Pour son dernier film, Vive la crise !, Jean-François Davy offre au spectateur une réflexion mi-figue mi-raisin sur les méfaits de la crise en France.


VIVE LA CRISE ! est un film inclassable. Un OVNI dans le cinéma français, et comme le dit un des personnages, « un joyeux bordel ». Car le film oscille allègrement entre l’humour ringard des nanars des années 70 et la réflexion philosophique un peu plus poussée qui alerte sur les dangers qui guettent une société trop libérale. Son réalisateur, Jean-François Davy, offre en effet de nombreuses clés de lecture, telle une auberge espagnole de la pensée poussée à l’extrême.

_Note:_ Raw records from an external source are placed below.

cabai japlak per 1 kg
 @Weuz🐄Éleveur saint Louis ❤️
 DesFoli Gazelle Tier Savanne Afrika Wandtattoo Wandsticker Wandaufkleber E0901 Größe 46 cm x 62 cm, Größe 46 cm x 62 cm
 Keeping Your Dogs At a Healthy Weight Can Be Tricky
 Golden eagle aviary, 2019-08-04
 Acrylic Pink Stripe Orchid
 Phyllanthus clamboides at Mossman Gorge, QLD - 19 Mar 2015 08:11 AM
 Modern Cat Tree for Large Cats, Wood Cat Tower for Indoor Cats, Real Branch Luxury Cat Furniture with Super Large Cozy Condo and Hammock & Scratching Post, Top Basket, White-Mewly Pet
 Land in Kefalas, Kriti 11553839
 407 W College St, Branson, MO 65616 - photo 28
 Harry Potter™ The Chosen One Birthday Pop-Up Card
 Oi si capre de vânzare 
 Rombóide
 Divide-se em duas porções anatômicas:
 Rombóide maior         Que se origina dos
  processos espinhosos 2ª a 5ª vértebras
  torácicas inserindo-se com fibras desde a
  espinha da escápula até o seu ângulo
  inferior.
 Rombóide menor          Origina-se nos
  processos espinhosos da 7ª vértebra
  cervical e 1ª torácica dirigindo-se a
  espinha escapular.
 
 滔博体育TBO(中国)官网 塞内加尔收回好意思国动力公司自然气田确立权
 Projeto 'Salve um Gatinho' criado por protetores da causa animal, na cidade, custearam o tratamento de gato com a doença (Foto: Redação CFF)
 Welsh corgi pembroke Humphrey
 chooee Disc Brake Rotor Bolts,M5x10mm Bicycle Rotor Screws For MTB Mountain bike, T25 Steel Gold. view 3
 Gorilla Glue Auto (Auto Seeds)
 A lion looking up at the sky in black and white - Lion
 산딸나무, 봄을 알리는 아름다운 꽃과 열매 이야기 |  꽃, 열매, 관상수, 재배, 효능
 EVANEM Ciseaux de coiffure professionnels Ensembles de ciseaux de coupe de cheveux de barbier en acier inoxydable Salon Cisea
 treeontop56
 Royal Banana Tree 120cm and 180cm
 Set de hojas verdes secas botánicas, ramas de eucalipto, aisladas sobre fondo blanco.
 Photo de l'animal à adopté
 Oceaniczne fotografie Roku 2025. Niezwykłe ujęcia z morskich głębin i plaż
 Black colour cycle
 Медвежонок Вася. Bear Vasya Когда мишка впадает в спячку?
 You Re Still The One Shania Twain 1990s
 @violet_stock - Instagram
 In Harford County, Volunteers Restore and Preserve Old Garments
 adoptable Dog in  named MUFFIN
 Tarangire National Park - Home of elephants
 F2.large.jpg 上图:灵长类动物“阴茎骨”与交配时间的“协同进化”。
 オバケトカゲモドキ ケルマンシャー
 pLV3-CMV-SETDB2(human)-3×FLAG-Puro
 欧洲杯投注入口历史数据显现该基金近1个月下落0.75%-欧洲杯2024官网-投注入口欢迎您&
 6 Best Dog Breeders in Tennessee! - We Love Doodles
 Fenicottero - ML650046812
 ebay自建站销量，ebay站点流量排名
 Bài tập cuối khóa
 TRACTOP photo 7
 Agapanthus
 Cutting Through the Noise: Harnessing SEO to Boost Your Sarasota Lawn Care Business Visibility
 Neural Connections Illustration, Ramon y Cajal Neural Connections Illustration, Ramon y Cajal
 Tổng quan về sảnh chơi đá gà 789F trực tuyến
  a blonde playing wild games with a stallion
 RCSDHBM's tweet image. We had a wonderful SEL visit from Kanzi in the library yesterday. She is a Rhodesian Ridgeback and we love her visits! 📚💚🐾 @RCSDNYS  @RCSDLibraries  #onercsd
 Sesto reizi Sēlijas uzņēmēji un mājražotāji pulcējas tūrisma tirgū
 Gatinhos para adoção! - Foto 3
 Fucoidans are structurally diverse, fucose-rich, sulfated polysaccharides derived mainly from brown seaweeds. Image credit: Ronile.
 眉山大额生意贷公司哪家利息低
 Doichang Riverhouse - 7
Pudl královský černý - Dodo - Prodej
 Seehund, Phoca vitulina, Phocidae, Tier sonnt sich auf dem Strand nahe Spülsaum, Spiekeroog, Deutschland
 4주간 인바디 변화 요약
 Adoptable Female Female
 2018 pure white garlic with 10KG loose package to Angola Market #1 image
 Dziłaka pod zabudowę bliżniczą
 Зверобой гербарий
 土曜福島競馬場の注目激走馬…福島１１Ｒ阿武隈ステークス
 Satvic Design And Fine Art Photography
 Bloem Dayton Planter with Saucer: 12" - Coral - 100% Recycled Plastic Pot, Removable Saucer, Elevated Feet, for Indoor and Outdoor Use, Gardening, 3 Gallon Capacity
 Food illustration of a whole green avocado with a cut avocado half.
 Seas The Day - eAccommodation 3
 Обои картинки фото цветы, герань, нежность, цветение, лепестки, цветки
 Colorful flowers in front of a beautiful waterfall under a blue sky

VIVE LA CRISE ! est d’abord une fiction politiquement incorrecte qui invite le spectateur en l’an 2025, au moment où la Présidente Marine Le Pen démissionne (sic). A la veille du résultat des présidentielles du 7 mai, ce parti pris du réalisateur n’est pas piqué des vers et ambitionne sans doute de remuer le citoyen pour lui montrer ce qui se passerait si l’extrême droite arrivait au pouvoir. La France en crise de 2025 semble plongée dans le chaos, après des réformes aussi stupides les unes que les autres. Ce sont les machines qui ont l’air de décider du licenciement des salariés, les rues sont remplies de sans domiciles fixes et de femmes vêtues de niqab. Les médias et la télévision en fonds sonore sont ultra présents et anxiogènes. Le débat démocratique a disparu et le seul politique qui émerge vient du centre (« ni centre droit, ni centre gauche, ni centrifuge »).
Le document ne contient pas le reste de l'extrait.